On Sun Feb 25, 2007 at 11:25:04AM +0100, Edi Weitz wrote:
On Sat, 24 Feb 2007 16:39:54 -0800, Jeffrey Cunningham jeffrey@cunningham.net wrote:
In this case I set it to make a substitution for the 'bad' character. Is it possible for there to be more than one?
Not yet. See current discussion on the FLEXI-STREAMS mailing list.
And more generally, should there not be a way to set drakma so it may take a performance hit but is guaranteed not to die on any html that is thrown at it?
It's not dying, it just signals an error.
And, no, I don't think there's a way to provide meaningful results and at the same time to be prepared to accept whatever bogus data or headers the server choses to send. If you find something like that, send patches, but it sounds like magic (or at least very good AI) to me.
I guess I disagree.
If I try to access a page like that using: links, lynx, wget, mozilla, firefox, or any html parsing entity I can think of they don't stop functioning, signal an error, or whatever you want to call it. They give me their best approximation of the content. Seems like that ought be the goal here, or at least a possibility.
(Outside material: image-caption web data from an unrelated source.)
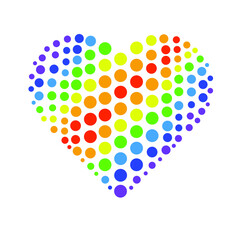 Rainbow heart. Colorful balls of all colors of the rainbow, arranged in the shape of a heart.The concept of LGBT. Vector colorful illustration. Valentine's day. The concept of rainbow love. 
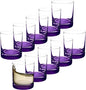 Whiskey Glasses by Libbey 10 oz. Set of 10, Bulk Pack - Heavy Base Old Fashioned Glass, Perfect for Scotch, Bourbon, Whiskey, Cocktail - Purple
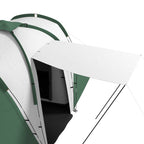 Camping Tent 4-6 People with 2 Rooms, in Polyester and Fiberglass, 555x225x190 cm, Gray and Green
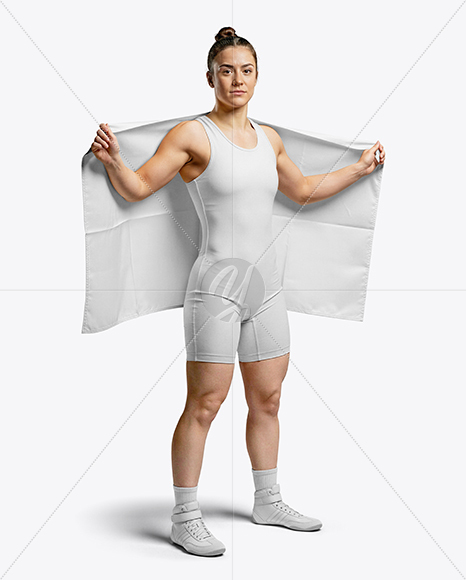 Woman Wearing Wrestling Uniform Mockup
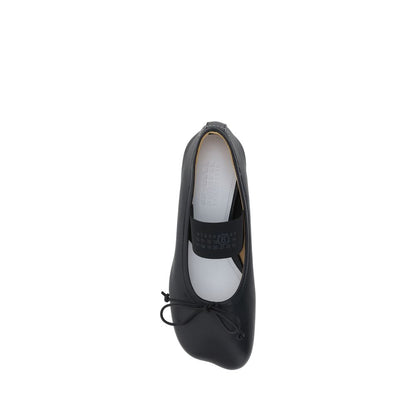 Ballerines Bos Taurus en cuir de veau noir MM6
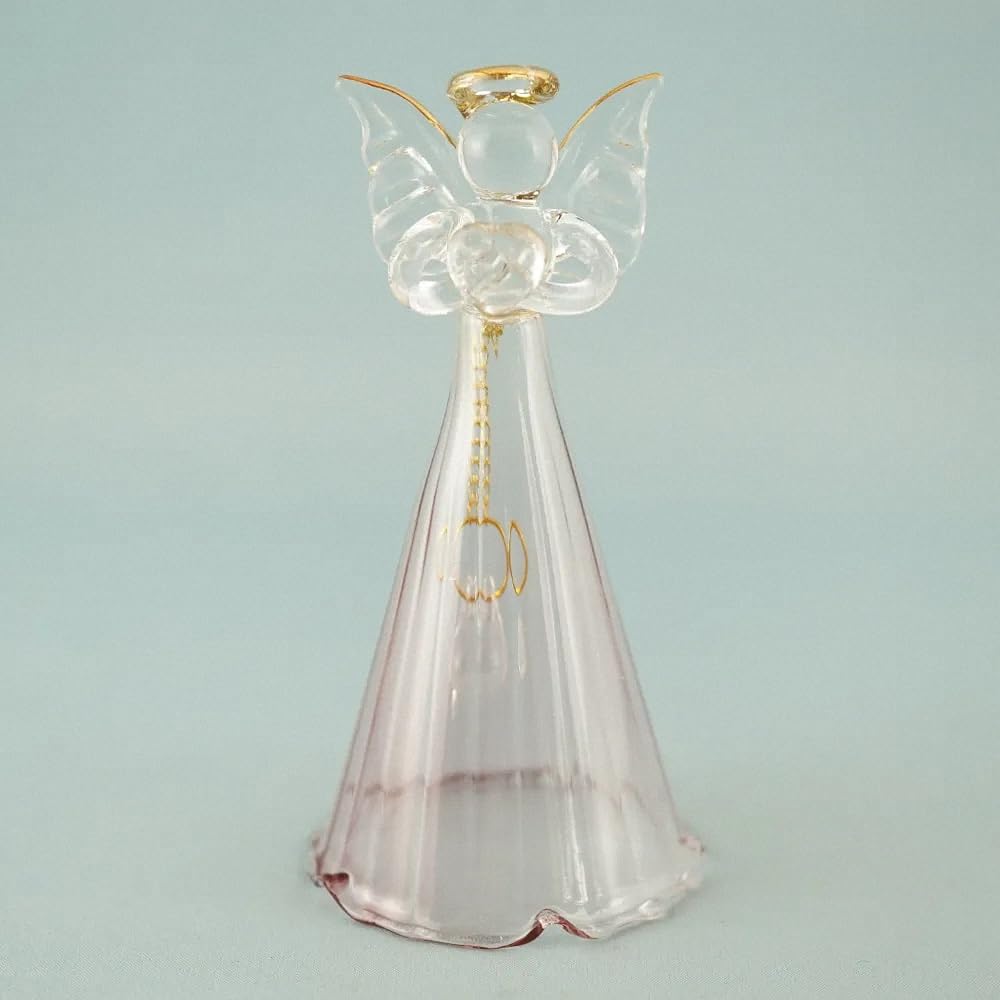 Fourcart Cute Handmade Glass Craft "Angel Bell" Pink x 6 Pieces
In an automated process, signaling an error means that processing has stopped (or 'died'). The source of the error signal may be in flexi-streams (I have read the discussions in the that list), but its drakma that has to deal with its consequences.
How do the above mentioned applications manage this problem? Certainly not by magic. And I doubt the AI in links or lynx is very sophisticated.
--Jeff